### What to do
Could you copy exactly the lines below from the one with "Not Rated Arabelle Womens Shoes" to the one with "Полка навесная Вестра", inclusive, leaving out any pictures?

### Task material
• • • • • • •

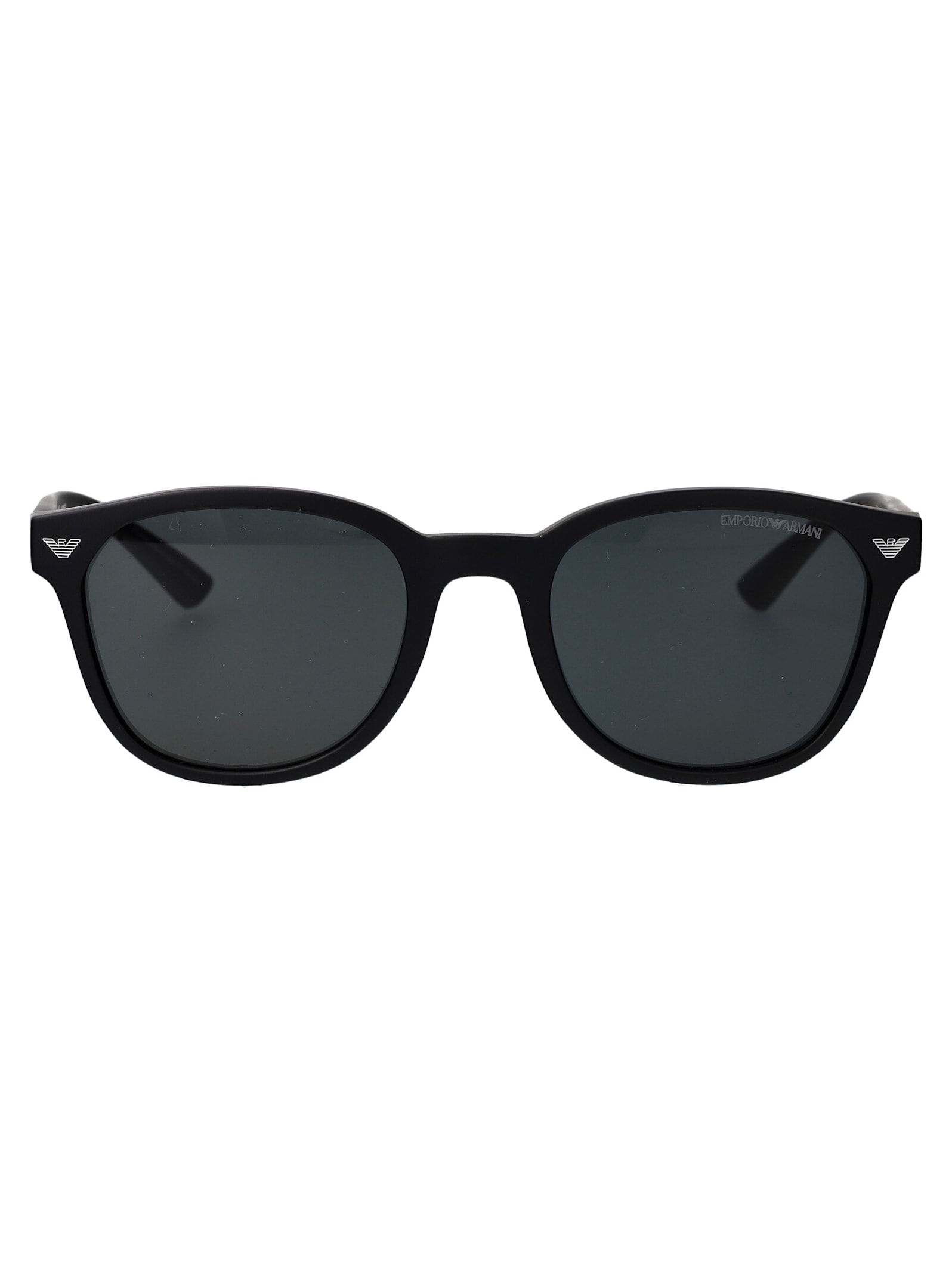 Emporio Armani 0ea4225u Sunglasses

• • • • • • •

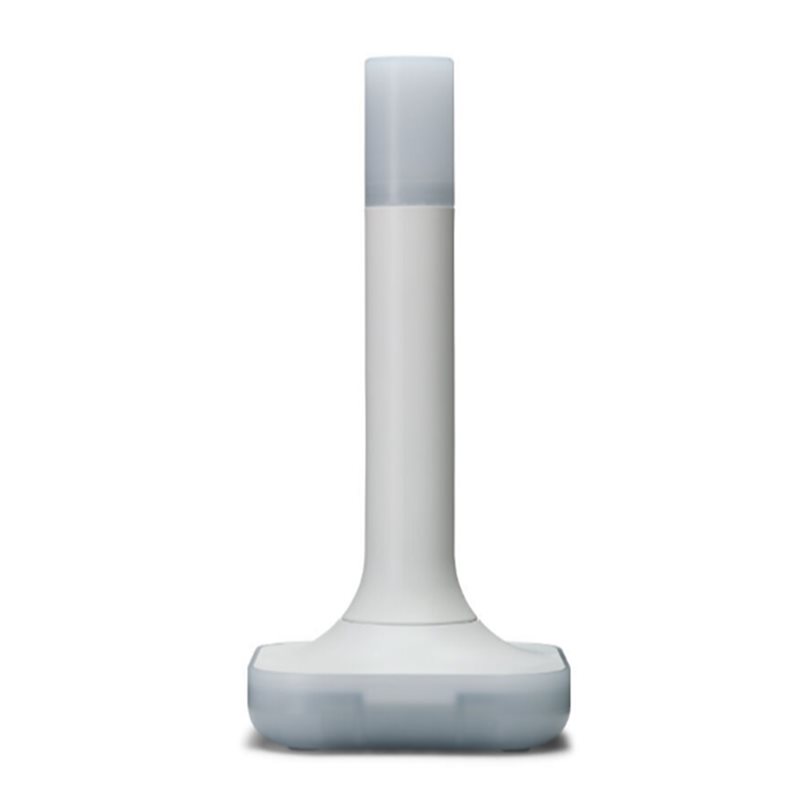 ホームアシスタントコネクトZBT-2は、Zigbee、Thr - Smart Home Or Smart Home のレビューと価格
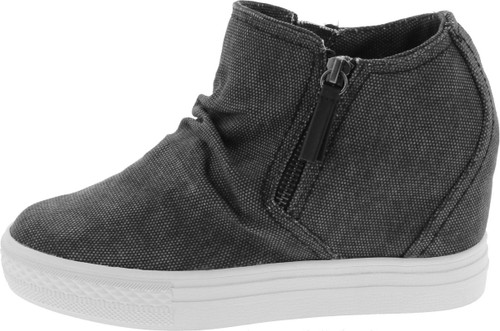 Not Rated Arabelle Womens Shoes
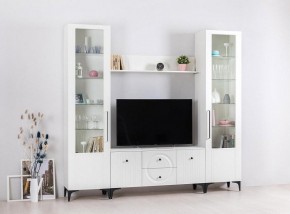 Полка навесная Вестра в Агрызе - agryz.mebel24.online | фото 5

• • • • • • •

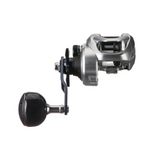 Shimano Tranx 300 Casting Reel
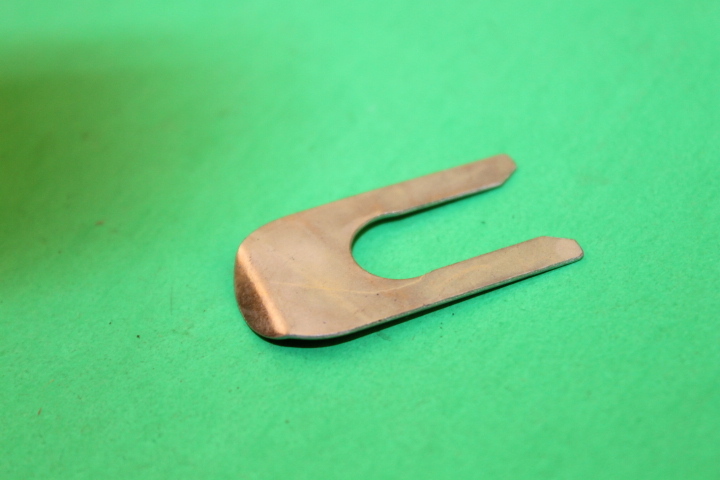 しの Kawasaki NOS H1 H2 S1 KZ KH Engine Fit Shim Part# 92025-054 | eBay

• • • • • • •

### Exercise answer
 Not Rated Arabelle Womens Shoes
 Полка навесная Вестра в Агрызе - agryz.mebel24.online | фото 5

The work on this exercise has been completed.